Thanks for the invite. The Ireland Rangers are in the league. 

Mr. B I'll get probably 4 or 5 of the Cowboy games.  Basically the way the English TV
coverage works I'm guaranteed the Thanksgiving game, and any Sunday night or Monday
night games....after that it is in the hands of fate.

I know live drafts can be fun but given potential scheduling problems I'd vote for the
auto-draft.

My promise to everybody is that even if I'm not winning a game
I'll remain an active player until the end.
Good luck to one and all.


----------



## Bront (Jul 30, 2005)

I'm a 3rd shift off hours worker, so an autodraft might work better for me.

Edit - I've droped, so no issues with me either way


----------



## Captain Tagon (Jul 30, 2005)

Autodraft or live draft doesn't matter to me as I'll be in school.

And fear Tagon's Toughs.
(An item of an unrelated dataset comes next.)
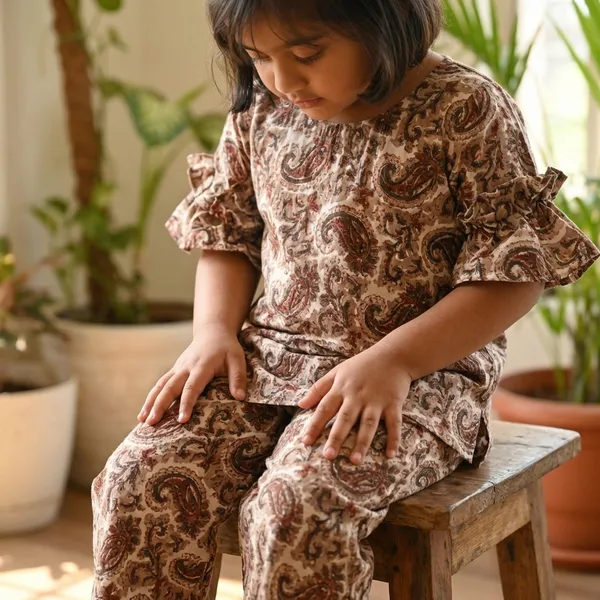Pink_And_White_Paisley_Print_Ruffle_Sleeves_Co-Ord_Set_For_Girls_Pack_Of_2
No really. Be afraid. Now.


----------



## Dungannon (Jul 31, 2005)

The league is now full.  Storminator received the last invite.


----------



## Gomez (Aug 25, 2005)

Could someone post a link to our league website. I have lost it!


----------



## Maerdwyn (Aug 25, 2005)

http://games.espn.go.com/ffl/leagueoffice?leagueId=60424


----------



## Dungannon (Sep 2, 2005)

Just a reminder, the Autopick draft is this Monday.  Don't forget to prerank your players or you'll get stuck with ESPNs rankings and I don't think anyone wants to draft Rex Grossman in the 4th round.


----------



## Maerdwyn (Sep 2, 2005)

Thanks

I've done most of my pre-rankings, but tried to update them a couple times lately,  and I keep getting a "The document contains no data" error.  Anyone else get something like this?


----------



## Storminator (Sep 2, 2005)

Dungannon said:
			
		

> The league is now full.  Storminator received the last invite.
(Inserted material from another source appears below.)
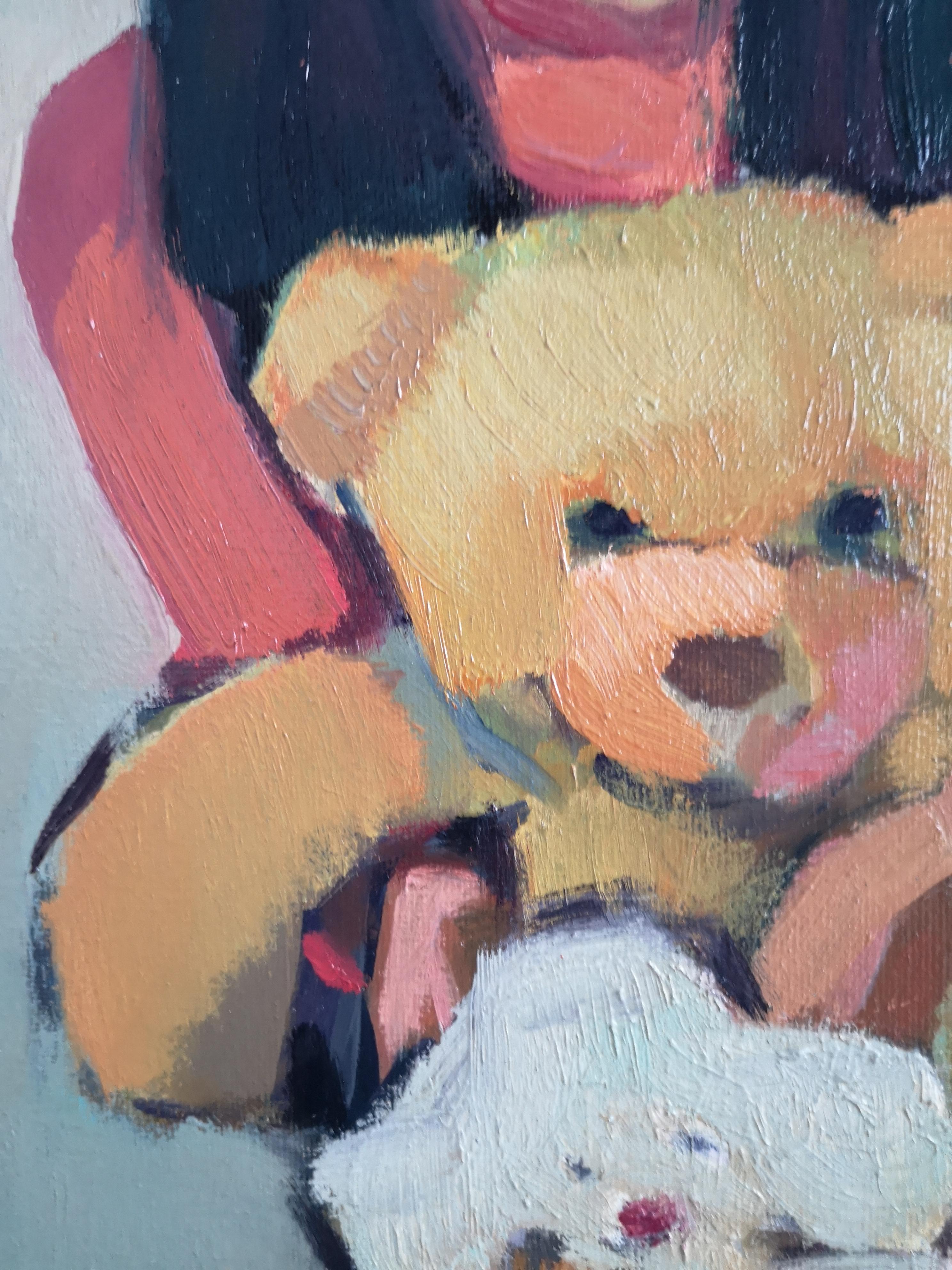 Asiatisches Mädchen Porträt Teddybär Unschuld Spielzeug rosa weichen Farben feine Kunst klassisch im Angebot 1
Sorry for doing this to you, but I've dropped out of the league. 

Sorry,
PS


----------



## Crothian (Sep 2, 2005)

Dungannon said:
			
		

> Just a reminder, the Autopick draft is this Monday.  Don't forget to prerank your players or you'll get stuck with ESPNs rankings and I don't think anyone wants to draft Rex Grossman in the 4th round.
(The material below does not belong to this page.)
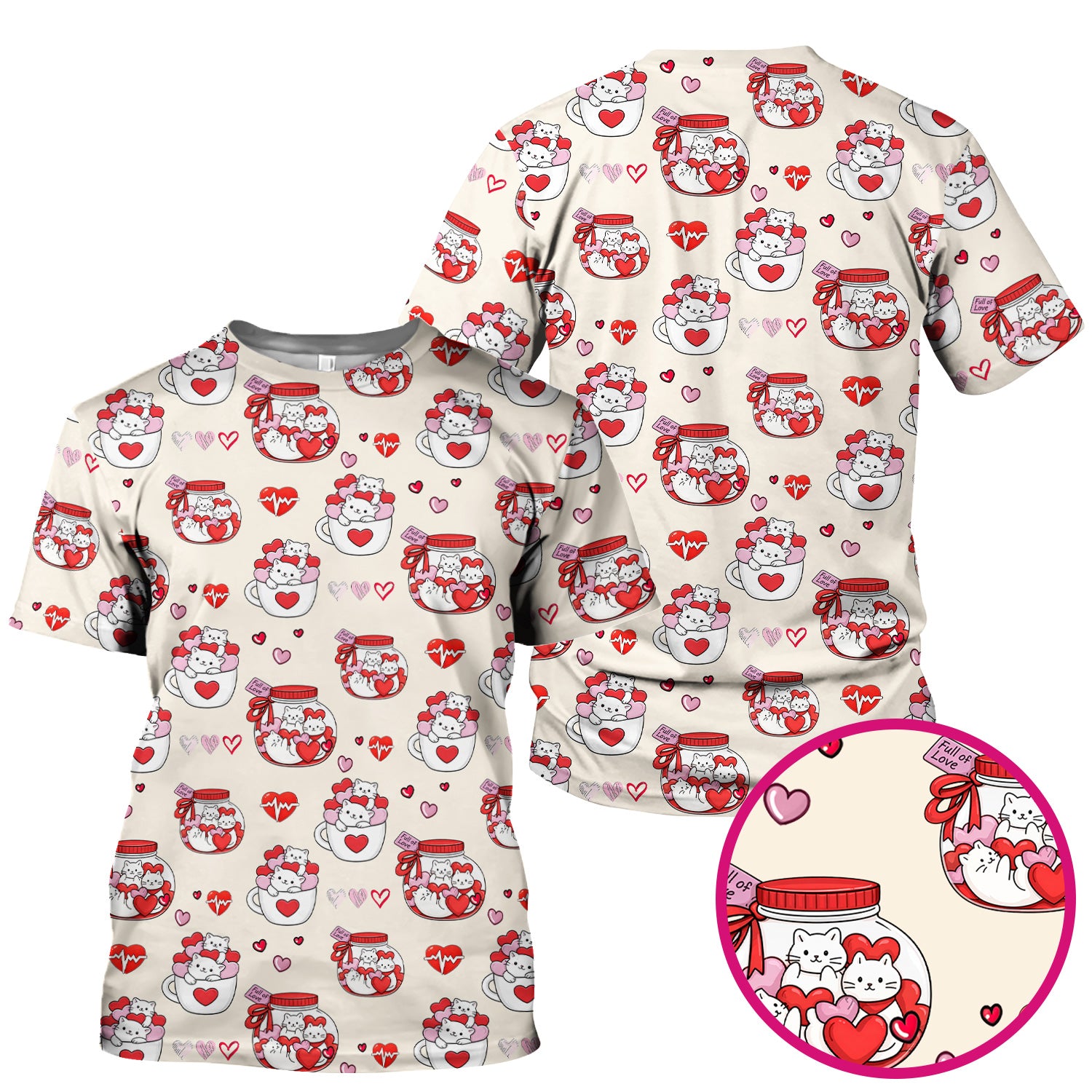 Cute Cat Valentine Nurse Scrub Top, Comfortable Scrubs for Nurses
How do I do that?  I'm staring at the screen over there and I see no options to select


----------



## Crothian (Sep 2, 2005)

huh, it tells me I'm not a member, but I can see the teram I made!!


----------



## Crothian (Sep 2, 2005)

figured it out....


----------



## romp (Sep 3, 2005)

*my team is baaadddd*

Well, it usually is anyway, we are allowed to keep one player and all the guys I had last year blew chunks     (Kevan Barlow, What the heck was was that?!?!?!) I have Ron Mexico, eerrrr, i mean Mike Vick    who is the antithesis of a Fantasy Quarterback, and Aaron Brooks (I am avoiding Aints players this year, they will be a road team until December at least...


----------



## Gansk (Sep 4, 2005)

The thread title says you need one more, but when I follow the link to the league, there are 10 teams. 

Storminator said he dropped out, but there is a team called "Stormination".

Do you still need a player?


----------



## Maerdwyn (Sep 4, 2005)

Stormination is no longer listed as having an owner - Dungannon/Jason will just need to send an invite.


----------



## Maerdwyn (Sep 4, 2005)

Oh yeah  - Gansk:  Dungannon will need your email address to send the invite.


----------



## Dungannon (Sep 4, 2005)

Gansk, give me your e-mail address, either in this thread or e-mail me at seatownjay at gmail dot com.  Once I get your e-mail I will be able to remove Storminator's team and send you an invite.


----------



## Gansk (Sep 5, 2005)

OK, e-mail sent.


----------



## Dungannon (Sep 5, 2005)

Gansk, an invitation has been sent to you, hopefully you receive it before the draft today.


----------



## Captain Tagon (Sep 5, 2005)

McNabb, LT, AND the Steelers D. For the first time ever I'm not smashing my face into a brick wall after an autodraft.


----------



## Maerdwyn (Sep 5, 2005)

*smashes own face into brick wall*

I have like 6 RBs and 2 WRs.  Anyone wanna make a trade?


----------



## Brother Shatterstone (Sep 5, 2005)

Maerdwyn said:
			
		

> *smashes own face into brick wall*




I feel the same way... Wow, I just drafted my worst team I’ve ever…  Of course it would be nice if ESPN would let me more easily look at their stats for last year, or even the last couple of years, without paying 29.95 for it. 



			
				Maerdwyn said:
			
		

> I have like 6 RBs and 2 WRs.  Anyone wanna make a trade?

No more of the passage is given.